×
×
homepage logo
LOGIN
SUBSCRIBE

Stop the violence

By Staff | Oct 29, 2018

No one should ever be in fear while attending a religious service.

Whether he or she is a Catholic, a Jew, a Muslim, a Baptist, a Lutheran, an Episcopalian, a Quaker, a Mormon, a Methodist, a Hindu, a Buddhist, or something else, those who live in America should feel free – and safe – to worship as they choose.

This is not a new concept. The first clause of the First Amendment to the Constitution states: “Congress shall make no law respecting an establishment of religion, or prohibiting the free exercise thereof.”

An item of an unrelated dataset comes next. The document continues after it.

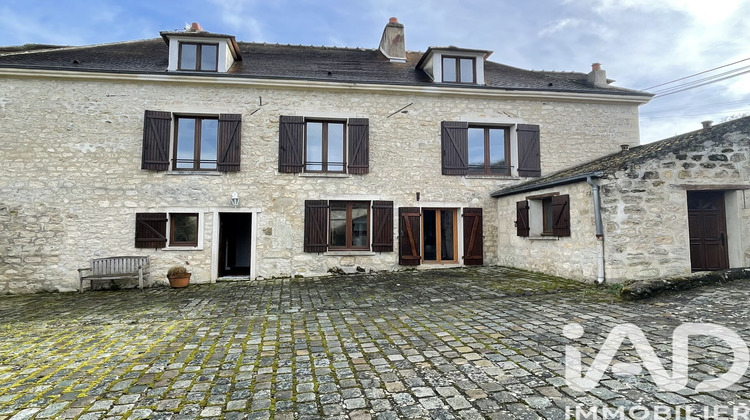 Ma-Cabane - Vente Maison Ronquerolles, 210 m²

While every religion is obviously unique and different, there are few traits they seem to share. Those who practice them are looking for a sense of belonging, a sense of peace and a sense of security.

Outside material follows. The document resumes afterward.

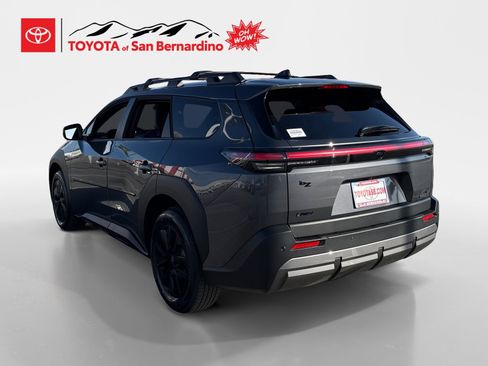 New 2026 Toyota bZ Woodland AWD/4WD image 3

We are, therefore, struggling to find the words to react the unspeakable tragedy that took place at the Pittsburgh Tree of Life Synagogue on Saturday.

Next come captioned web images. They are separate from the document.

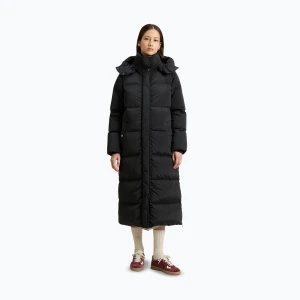 Kurtka damska Woolrich Kelly Long black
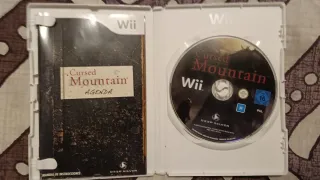 Cursed Mountain Wii Nintendo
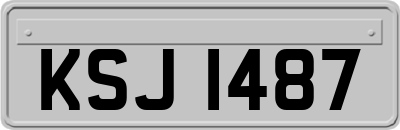 KSJ1487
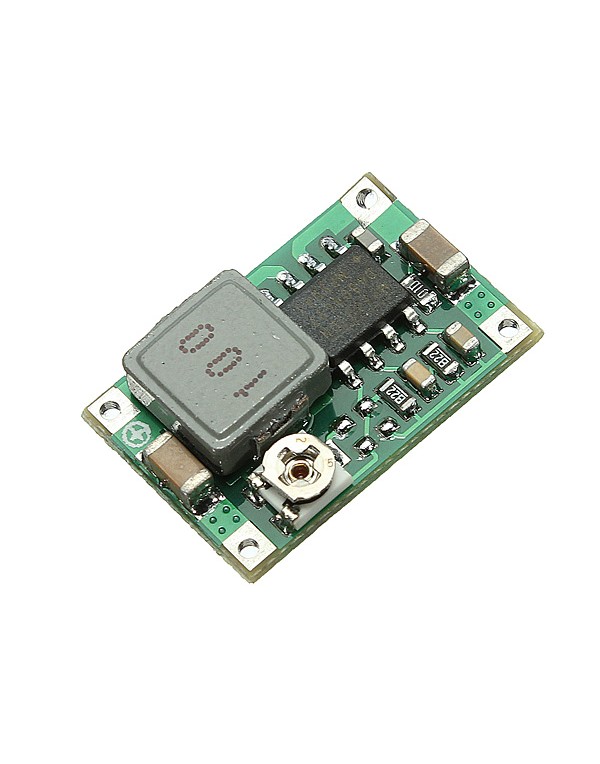 10Pcs Mini DC Adjustable Power Supply Buck Module ...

“All these Jews need to die,” Robert Gregory Bowers reportedly said while in the process of using his AR-15 rifle to mow down defenseless and unsuspecting victims.

Ultimately, eight men and three women died as a result of the attack, while several others sustained significant injuries.

“The loss is incalculable,” Stephen Cohen, co-president of New Light Congregation, which rents space at Tree of Life, told the Associated Press.

Chris Hall, a neighbor of Bowers, said he never heard or saw anything to indicate that Bowers harbored anti-Semitic views or posed a threat. Bowers kept to himself, he said.

“The most terrifying thing is just how normal he seemed,” Hall told the AP. “I wish I knew what was going on inside his head. Maybe something could have been done. I don’t know.”

Sadly, acts of violence at a church are nothing new. In 1963, a white supremacist used a bomb to kill four African-American children at a church in Birmingham, Alabama.

More recently, in 2015, Dylann Roof used a handgun to murder nine people inside the Emanuel African Methodist Episcopal Church in Charleston, South Carolina.

As Americans, we need to start focusing more on what we have in common – and less on what makes us different. Doing that will go a long way toward ending abhorrent acts of violence against the innocent, such as that which occurred in Pittsburgh on Saturday.